* **WHAT TO PRODUCE**
Set down the full listing exactly, character for character.

* **DATASET SECTION**
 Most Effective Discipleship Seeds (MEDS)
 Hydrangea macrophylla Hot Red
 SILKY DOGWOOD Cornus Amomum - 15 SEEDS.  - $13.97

* **COMPLETED TASK**
 Most Effective Discipleship Seeds (MEDS)
 Hydrangea macrophylla Hot Red
 SILKY DOGWOOD Cornus Amomum - 15 SEEDS.  - $13.97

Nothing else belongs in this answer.